To assess the materials characterization after 3D printing and to determine their physical and chemical properties, molecular weights were characterized using two methods. First, gel permeation chromatography (GPC, Waters Corporation, Milford, MA, United States) using dichloromethane as a mobile phase and polystyrene standards was utilized to determine the weight average molecular weight (Mw), number average molecular weight (Mn), and polydispersity index (PDI), which is the ratio of Mw/Mn used to indicate the distribution of molecular weight within a sample. Dilute solution inherent viscosity (IV) was determined using a Cannon-Fenske U-viscometer at 20°C at a concentration of 0.1 mg/mL in chloroform. In cases of materials containing β-TCP, samples were first separated to remove ceramic particulate and isolate the polymer being analyzed.

Thermal profiles were evaluated by differential scanning calorimetry (DSC) using a Perkin Elmer Pyris DSC (Waltham, MA, United States). Samples of 4–10 mg were weighed and placed in hermetically sealed aluminum pans and heated from 20 to 240°C at a heating rate of 20°C/min. Thermograms were analyzed for glass transition temperature (Tg), peak melting temperature (Tm) and heat of fusion (ΔHf), all of which were calculated directly using the onboard software.

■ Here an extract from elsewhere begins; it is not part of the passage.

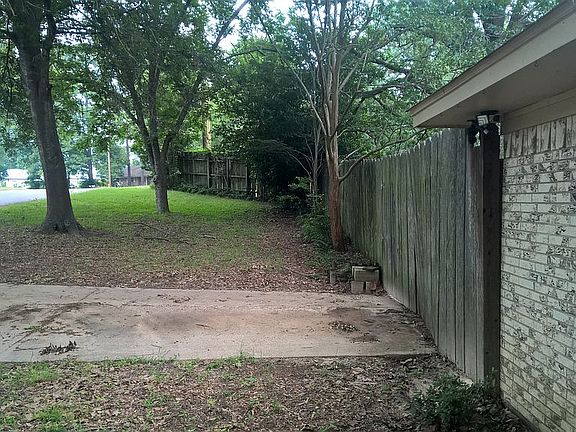 3rd image of 1618 McKewen Dr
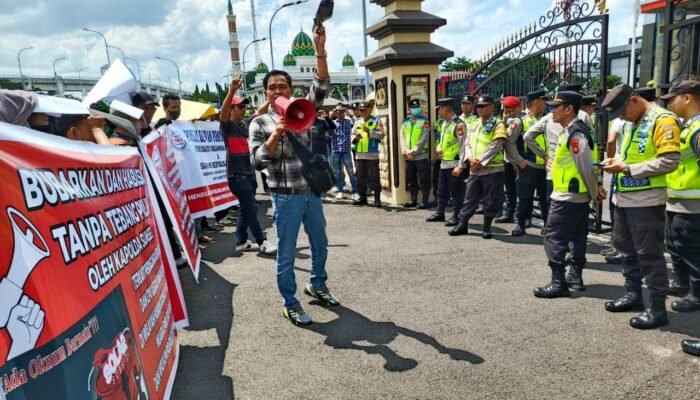 POSE RI Gelar Unjuk Rasa Di Mapolda Sumsel Terkait Jual Beli BBM Dan CPO Ilegal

Gas chromatography was performed on a Claris 580 system (Perkin Elmer, Waltham, MA, United States) equipped with a flame ionization detector, using helium as the carrier gas, and used to quantify the level of residual monomer using a direct injection technique. Samples were first dissolved in hexafluoro-2-propanol (HFIP) solvent and directly injected into the column. Individual peaks were matched with retention times and calibration curves of matching monomer standards (lactide, caprolactone, and TMC) to determine individual and sum total monomer residuals in the dissolved sample. In cases of materials containing β-TCP, samples were first separated to remove ceramic particulate and isolate the polymer being analyzed.